## THE PROBLEM
Every entry should be given again exactly, with nothing dropped.

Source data
┄┄┄┄┄┄┄┄┄┄
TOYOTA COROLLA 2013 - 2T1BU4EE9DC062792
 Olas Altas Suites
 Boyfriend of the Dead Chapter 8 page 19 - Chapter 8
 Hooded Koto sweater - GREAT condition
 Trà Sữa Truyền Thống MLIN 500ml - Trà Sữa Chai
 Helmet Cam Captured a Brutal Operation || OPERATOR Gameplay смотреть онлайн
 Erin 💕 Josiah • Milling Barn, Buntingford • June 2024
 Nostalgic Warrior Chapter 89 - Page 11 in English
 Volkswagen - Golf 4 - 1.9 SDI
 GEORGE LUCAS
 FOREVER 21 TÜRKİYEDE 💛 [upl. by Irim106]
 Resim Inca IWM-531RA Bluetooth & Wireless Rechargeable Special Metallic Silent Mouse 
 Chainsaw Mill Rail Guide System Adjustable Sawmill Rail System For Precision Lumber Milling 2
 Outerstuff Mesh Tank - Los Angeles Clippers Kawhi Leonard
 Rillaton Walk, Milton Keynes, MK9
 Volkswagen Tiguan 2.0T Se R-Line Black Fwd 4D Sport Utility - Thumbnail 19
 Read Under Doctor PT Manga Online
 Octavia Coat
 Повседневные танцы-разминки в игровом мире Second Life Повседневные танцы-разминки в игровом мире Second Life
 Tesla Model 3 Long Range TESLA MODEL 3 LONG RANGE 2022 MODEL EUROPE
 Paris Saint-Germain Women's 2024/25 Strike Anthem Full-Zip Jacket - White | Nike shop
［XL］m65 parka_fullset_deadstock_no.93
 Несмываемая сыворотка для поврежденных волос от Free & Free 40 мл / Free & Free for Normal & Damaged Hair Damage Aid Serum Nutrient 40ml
┄┄┄┄┄┄┄┄┄┄
## EXERCISE ANSWER
TOYOTA COROLLA 2013 - 2T1BU4EE9DC062792
 Olas Altas Suites
 Boyfriend of the Dead Chapter 8 page 19 - Chapter 8
 Hooded Koto sweater - GREAT condition
 Trà Sữa Truyền Thống MLIN 500ml - Trà Sữa Chai
 Helmet Cam Captured a Brutal Operation || OPERATOR Gameplay смотреть онлайн
 Erin 💕 Josiah • Milling Barn, Buntingford • June 2024
 Nostalgic Warrior Chapter 89 - Page 11 in English
 Volkswagen - Golf 4 - 1.9 SDI
 GEORGE LUCAS
 FOREVER 21 TÜRKİYEDE 💛 [upl. by Irim106]
 Resim Inca IWM-531RA Bluetooth & Wireless Rechargeable Special Metallic Silent Mouse 
 Chainsaw Mill Rail Guide System Adjustable Sawmill Rail System For Precision Lumber Milling 2
 Outerstuff Mesh Tank - Los Angeles Clippers Kawhi Leonard
 Rillaton Walk, Milton Keynes, MK9
 Volkswagen Tiguan 2.0T Se R-Line Black Fwd 4D Sport Utility - Thumbnail 19
 Read Under Doctor PT Manga Online
 Octavia Coat
 Повседневные танцы-разминки в игровом мире Second Life Повседневные танцы-разминки в игровом мире Second Life
 Tesla Model 3 Long Range TESLA MODEL 3 LONG RANGE 2022 MODEL EUROPE
 Paris Saint-Germain Women's 2024/25 Strike Anthem Full-Zip Jacket - White | Nike shop
［XL］m65 parka_fullset_deadstock_no.93
 Несмываемая сыворотка для поврежденных волос от Free & Free 40 мл / Free & Free for Normal & Damaged Hair Damage Aid Serum Nutrient 40ml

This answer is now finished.